The right receiving protocols lead to better performance
“Unless producers are buyig known origin cattle or animals verified with SelectVAC, they don’t know what they’re getting,” says Mitch Blanding, DVM, Pfizer Animal Health veterinarian, Lenexa, Kan. “In any given group of animals, we don’t know if they’ve been vaccinated and for what, we don’t know if the sick animals have been ill for 1 or 5 days, we may not even be sure if they’ve come from a drought-stricken area that adds to the ‘normal’ level of stress.”
Prevention is the most economical medicine
Blanding says the most economical place to start to intervene with respiratory disease is with prevention. A beneficial practice to keep in mind is that for every hour animals spend in transport, give them at least that much time after they arrive before you start vaccinating. This allows them a chance to rest before the additional stress of processing.
“We first try to intervene with those animals that have a competent immune system and are capable of responding to a vaccine,” Blanding says.
However, many animals’ immune systems are already compromised due to not only their young age, but also risk factors such as nutritional and trace mineral deficiency, or other stressful events associated with the marketing process like weaning, heavy commingling and shipping.
“In high-risk cattle, it would not be unusual to have a significant percentage of the animals not respond to the initial vaccination,” Blanding says. “A common practice in many operations is to revaccinate these animals somewhere between 8 and 12 days after arrival in hopes of starting an immune process in more of the animals and enhancing the overall level of immunity of the group.”
On-arrival control measures add up
For a certain population of animals, it will be too late to intervene with prevention. Risk factors may be stacked against them; they may be incubating bovine respiratory disease (BRD) and are either sick on arrival or will soon become sick. For these animals, Blanding recommends administering a control antibiotic to catch the disease early and put the animal on the road to recovery and gaining weight as quickly as possible.
“Using extended therapy products is a groundbreaking concept for on-arrival control programs,” Blanding says. “These products can last up to 7 days and work with the animal’s own immune system to respond and help fight the infection. However, it can be difficult for some producers to trust the product is working.”
Study results back up what Blanding recommends. Studies show that using an extended therapy antibiotic that maintains therapeutic blood concentrations for up to 7 days, compared to the traditional 3 days, results in healthier calves that start eating at the bunk faster, resulting in more weight gain and better carcass value. Using these products on arrival also reduces the total number of pulls.
“Many animals just need a longer time to recover, and convalescing animals are more susceptible to reinfection,” Blanding adds. “Extended therapy products protect the animal for a longer period of time, allow the animal’s immune system to help fight off additional bacteria and reduce the reinfection that sometimes takes place during the convalescing period.”
It may come down to treatment
Ideally, you’ve impacted all the animals in a group with either prevention or control and no animals need additional treatment.

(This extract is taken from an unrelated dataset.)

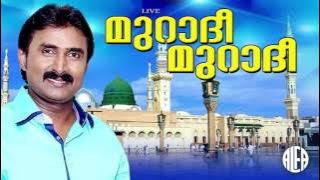 Muradhee Muradhee | മുറാദീ മുറാദീ | Malayalam Mappilapattu | Kannur Shereef | Mappila Song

However, producers know that’s not realistic; there are individuals in any group that fall into each category of needing prevention, control or treatment.
“We’ve tried to intervene with vaccines to prevent the disease, we’ve tried to intervene with an extended therapy antibiotic to control the disease, but some animals will get sick regardless, and then it’s time to intervene with additional treatment,” Blanding adds.
At the point when treatment is necessary, it is critical to choose a proven, effective antibiotic to prevent chronics, reduce the loss of cattle due to BRD and avoid significant risks to performance.
Additional benefits to BRD control
Blanding reminds producers that operational efficiency is another benefit of controlling BRD. “A producer may not be able to maximize opportunities because of limitations in cattle health,” he says. “If he is spending more time tending to sick animals, then he has less time to start new groups. Dealing with sick cattle can be a bottleneck in operations.”
That’s in addition to treatment costs, labor associated with treatments and closeout value. It all adds up to maximizing profitability with a BRD protocol of prevention, control and treatment, and working with your veterinarian to select the best products and technologies available.